◆ **The problem**
Please print the entries below exactly, from the line with "Dworek Sloneczko Farm stay" through the line with "image DIJUAL RUMAH", including both of those lines and leaving out all others.

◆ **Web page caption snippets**
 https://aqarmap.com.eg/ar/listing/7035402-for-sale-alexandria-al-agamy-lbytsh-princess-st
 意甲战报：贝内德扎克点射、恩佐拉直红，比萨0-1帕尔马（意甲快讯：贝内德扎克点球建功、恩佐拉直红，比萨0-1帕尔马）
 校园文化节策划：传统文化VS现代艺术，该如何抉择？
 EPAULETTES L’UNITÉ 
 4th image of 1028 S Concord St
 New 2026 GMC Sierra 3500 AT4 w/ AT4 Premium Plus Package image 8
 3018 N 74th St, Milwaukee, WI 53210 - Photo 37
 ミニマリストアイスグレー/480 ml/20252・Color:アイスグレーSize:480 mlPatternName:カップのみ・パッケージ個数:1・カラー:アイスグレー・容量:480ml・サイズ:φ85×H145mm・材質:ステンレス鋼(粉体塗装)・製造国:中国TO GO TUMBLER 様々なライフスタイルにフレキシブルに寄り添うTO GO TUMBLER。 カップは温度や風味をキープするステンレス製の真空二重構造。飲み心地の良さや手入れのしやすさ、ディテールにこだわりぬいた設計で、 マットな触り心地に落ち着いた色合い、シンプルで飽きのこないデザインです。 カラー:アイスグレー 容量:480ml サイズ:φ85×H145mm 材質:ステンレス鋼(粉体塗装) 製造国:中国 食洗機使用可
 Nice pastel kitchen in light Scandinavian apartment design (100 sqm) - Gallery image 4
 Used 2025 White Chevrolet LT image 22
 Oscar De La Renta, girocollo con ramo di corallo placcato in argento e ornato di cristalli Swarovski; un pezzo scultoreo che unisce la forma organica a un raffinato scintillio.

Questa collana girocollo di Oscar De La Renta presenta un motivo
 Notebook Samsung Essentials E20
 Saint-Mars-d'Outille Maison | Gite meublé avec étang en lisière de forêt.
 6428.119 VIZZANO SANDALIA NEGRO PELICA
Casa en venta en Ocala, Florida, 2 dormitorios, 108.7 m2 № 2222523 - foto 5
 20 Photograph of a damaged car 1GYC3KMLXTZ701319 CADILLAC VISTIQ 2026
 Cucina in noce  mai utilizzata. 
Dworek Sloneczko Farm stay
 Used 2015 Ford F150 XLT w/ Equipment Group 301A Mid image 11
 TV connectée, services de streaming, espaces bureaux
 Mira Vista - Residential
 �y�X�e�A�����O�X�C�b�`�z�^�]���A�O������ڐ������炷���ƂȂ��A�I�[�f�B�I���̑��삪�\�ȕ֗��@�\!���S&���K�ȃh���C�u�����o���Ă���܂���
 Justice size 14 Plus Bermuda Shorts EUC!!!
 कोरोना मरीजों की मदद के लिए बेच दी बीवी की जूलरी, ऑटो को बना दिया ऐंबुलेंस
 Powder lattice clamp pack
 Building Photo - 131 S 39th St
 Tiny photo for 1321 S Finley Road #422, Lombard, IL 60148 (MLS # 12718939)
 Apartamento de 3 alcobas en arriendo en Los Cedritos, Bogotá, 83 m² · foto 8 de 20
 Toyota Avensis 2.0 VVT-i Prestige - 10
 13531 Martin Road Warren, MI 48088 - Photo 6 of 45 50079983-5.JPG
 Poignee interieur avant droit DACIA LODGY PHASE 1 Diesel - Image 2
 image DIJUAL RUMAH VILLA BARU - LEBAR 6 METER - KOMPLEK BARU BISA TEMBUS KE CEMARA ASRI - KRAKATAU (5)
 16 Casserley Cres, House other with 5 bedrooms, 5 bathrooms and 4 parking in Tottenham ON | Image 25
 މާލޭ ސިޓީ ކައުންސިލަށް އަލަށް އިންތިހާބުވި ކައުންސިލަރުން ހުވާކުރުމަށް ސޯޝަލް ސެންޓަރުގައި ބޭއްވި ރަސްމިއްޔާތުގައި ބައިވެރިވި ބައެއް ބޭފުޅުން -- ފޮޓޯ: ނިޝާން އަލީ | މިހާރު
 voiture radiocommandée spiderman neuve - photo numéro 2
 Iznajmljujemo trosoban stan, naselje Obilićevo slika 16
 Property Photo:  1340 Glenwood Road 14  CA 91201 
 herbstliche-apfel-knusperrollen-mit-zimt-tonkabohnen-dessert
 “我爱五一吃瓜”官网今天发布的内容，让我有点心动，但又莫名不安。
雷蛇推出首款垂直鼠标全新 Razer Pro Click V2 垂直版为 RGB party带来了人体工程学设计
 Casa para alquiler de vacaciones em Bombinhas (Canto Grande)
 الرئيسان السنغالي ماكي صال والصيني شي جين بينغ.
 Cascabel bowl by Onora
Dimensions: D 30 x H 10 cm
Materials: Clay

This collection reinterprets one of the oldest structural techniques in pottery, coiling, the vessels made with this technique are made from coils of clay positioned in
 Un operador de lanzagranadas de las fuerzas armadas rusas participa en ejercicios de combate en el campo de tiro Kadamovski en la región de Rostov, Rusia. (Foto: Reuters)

◆ **Task solution**
Dworek Sloneczko Farm stay
 Used 2015 Ford F150 XLT w/ Equipment Group 301A Mid image 11
 TV connectée, services de streaming, espaces bureaux
 Mira Vista - Residential
 �y�X�e�A�����O�X�C�b�`�z�^�]���A�O������ڐ������炷���ƂȂ��A�I�[�f�B�I���̑��삪�\�ȕ֗��@�\!���S&���K�ȃh���C�u�����o���Ă���܂���
 Justice size 14 Plus Bermuda Shorts EUC!!!
 कोरोना मरीजों की मदद के लिए बेच दी बीवी की जूलरी, ऑटो को बना दिया ऐंबुलेंस
 Powder lattice clamp pack
 Building Photo - 131 S 39th St
 Tiny photo for 1321 S Finley Road #422, Lombard, IL 60148 (MLS # 12718939)
 Apartamento de 3 alcobas en arriendo en Los Cedritos, Bogotá, 83 m² · foto 8 de 20
 Toyota Avensis 2.0 VVT-i Prestige - 10
 13531 Martin Road Warren, MI 48088 - Photo 6 of 45 50079983-5.JPG
 Poignee interieur avant droit DACIA LODGY PHASE 1 Diesel - Image 2
 image DIJUAL RUMAH VILLA BARU - LEBAR 6 METER - KOMPLEK BARU BISA TEMBUS KE CEMARA ASRI - KRAKATAU (5)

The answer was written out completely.